You have to be older than 40 to really appreciate how true this was. Only a few decades ago, it was possible for either party to win U.S. Senate and governor’s races in every state. The conservative wing of the Democratic Party and the liberal wing of the Republican Party—liberal, mind you, not “moderate”—won major offices in states they couldn’t carry in presidential elections. Neither Democrats nor Republicans moved in lockstep on major issues because most officeholders adapted to their state’s political idiosyncrasies and tried to appeal to voters outside of their parties.
Let’s compare the make-up of the U.S. Senate after two presidential elections won narrowly by Democrats, Barack Obama in 2012 and Jimmy Carter in 1976. Today there are 22 senators who do not caucus with the party that carried their state in the presidential race. This is low by historical standards, and the number is likely to dip into the teens over the next year and a half, assuming that Democrat Cory Booker takes over the seat of an appointed Republican in New Jersey this month and that the GOP finally wins seats next year in formerly blue states like Arkansas and West Virginia. We’re approaching a situation where ticket-splitting occurs only in the case of scandal (i.e., when Republican Mark Kirk won Obama’s old Illinois seat after Gov. Rod Blagojevich poisoned it for the Democrats) or truly incompetent candidates (Todd Akin in Missouri). Candidates who promise to work with colleagues across the aisle just aren’t as successful anymore, in part because it’s easier to raise money (especially from out-of-state contributors) by stressing party loyalty.

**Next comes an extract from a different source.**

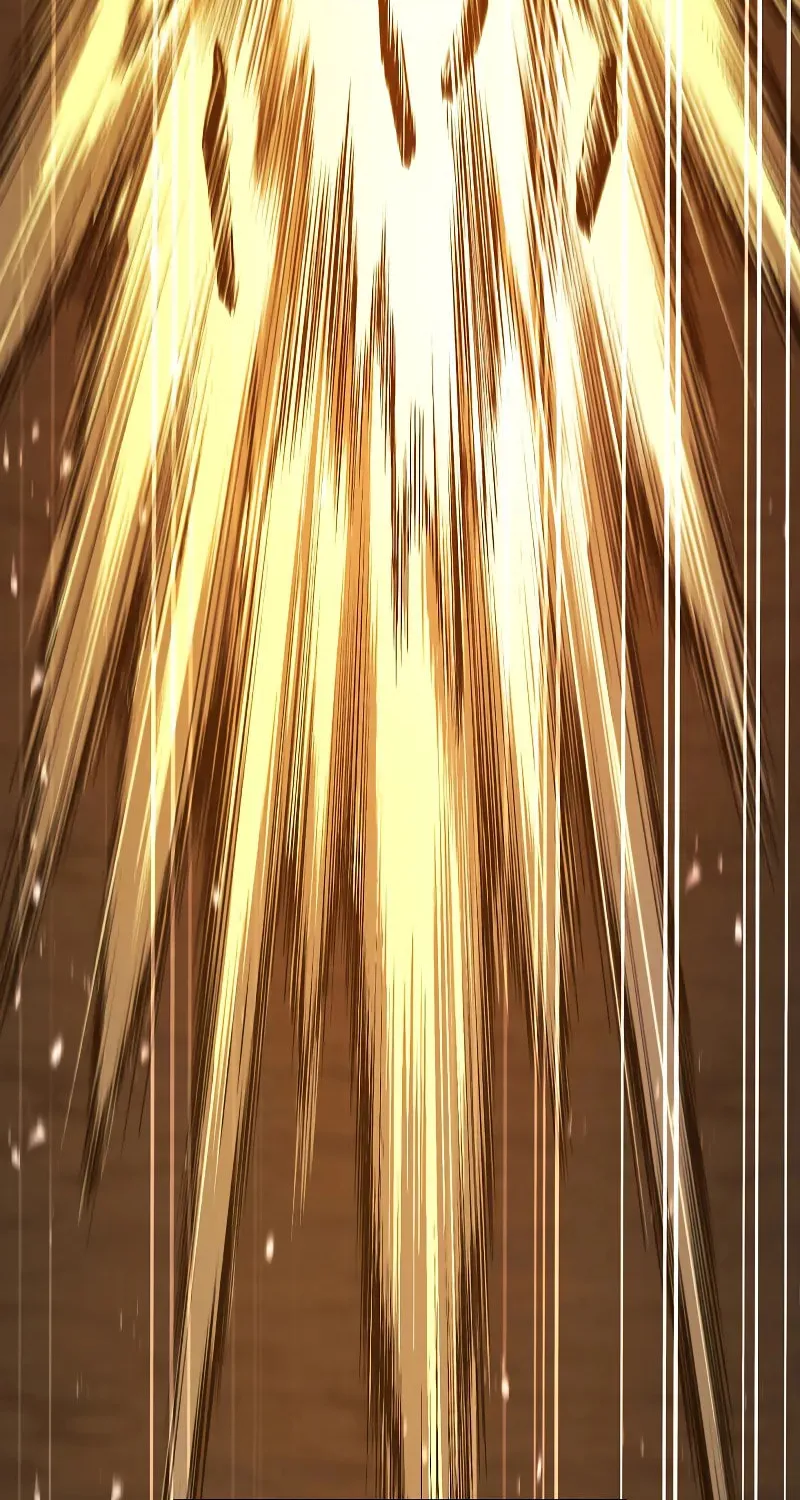 The Legendary Spearman Returns Chapter 154 page 168 -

By comparison, in 1977 there were 42 senators* who did not caucus with the party that won their state in the previous year’s presidential election. This high number was not only attributable to the large number of moderates (“mavericks”?) in both parties, but also to the last presidential election pitting a moderate Democrat (Jimmy Carter) against a moderate Republican (Gerald Ford). At all levels of government, both parties overlapped to a degree unimaginable today.
The result was a U.S. Senate that was highly factionalized as opposed to highly partisan, making it easier to cobble a majority depending on the issue at hand. The Senate could be broken down into at least eight factions, depending on the electoral forces at home:
• liberal Democrats from solidly blue states (e.g., Ted Kennedy in Massachusetts)

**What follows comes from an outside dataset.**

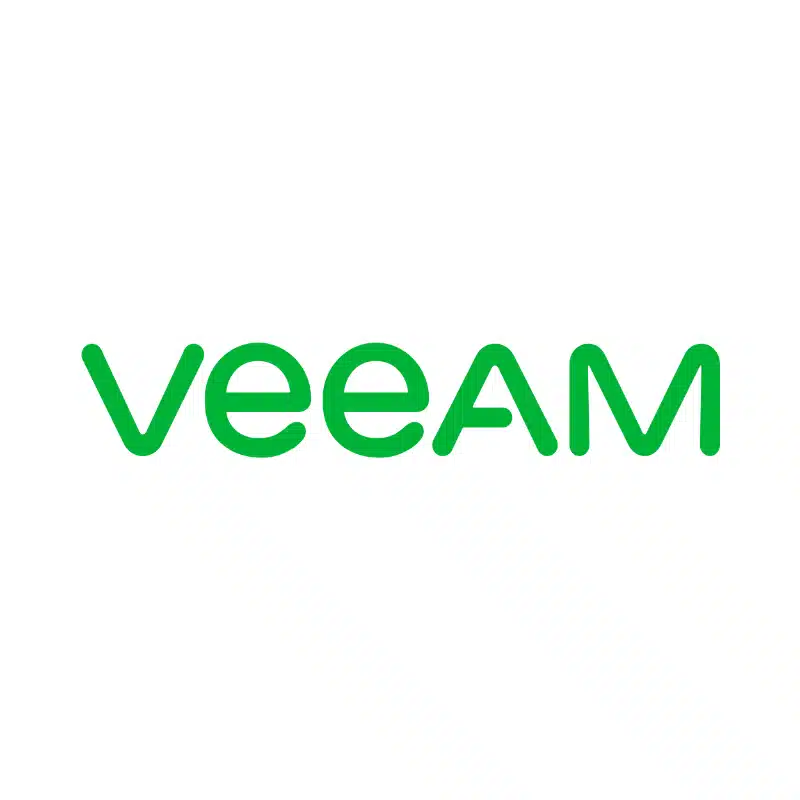 Logo-Veeam-2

• conservative Republicans from solidly red states (e.g., Barry Goldwater in Arizona)
• liberal Republicans from solidly blue states (e.g., Jacob Javits in New York)
• conservative Democrats from solidly red states (e.g., Ed Zorinsky in Nebraska)
• mostly liberal Democrats from red-leaning states (e.g., George McGovern in South Dakota)
• mostly conservative Republicans from blue-leaning states (e.g, Bill Roth in Delaware)
• moderate Democrats from Republican-trending states that still voted for Carter (e.g., Sam Nunn in Georgia)
• moderate Republicans from Democratic-trending states that still voted for Ford (e.g., Mark Hatfield in Oregon)
Today there’s no need to create such a taxonomy. Most votes in the Senate are party-line, even when the country faces an impasse such as the current government shutdown. There’s a strong argument for cohesive parties—voters get a genuine choice, and they know what they’re getting when they vote red or blue—but as Klein points out, our constitutional system was not created with them in mind. “The result,” he writes, “is deep governmental dysfunction as a system that requires bipartisan cooperation collides with political parties that can't cooperate.”
*Members of the Democratic Senate caucus same from the Ford states of Alaska, Arizona, California, Colorado (2), Connecticut, Idaho, Illinois, Indiana, Iowa (2), Maine (2), Michigan, Montana (2), Nebraska (2), Nevada, New Hampshire (2), New Jersey, North Dakota, South Dakota (2), Vermont, Virginia, and Washington (2).
Members of the Republican Senate caucus came from the Carter states of Delaware, Maryland, Massachusetts, Missouri, New York, North Carolina, Pennsylvania (2), Rhode Island, South Carolina, Tennessee, and Texas.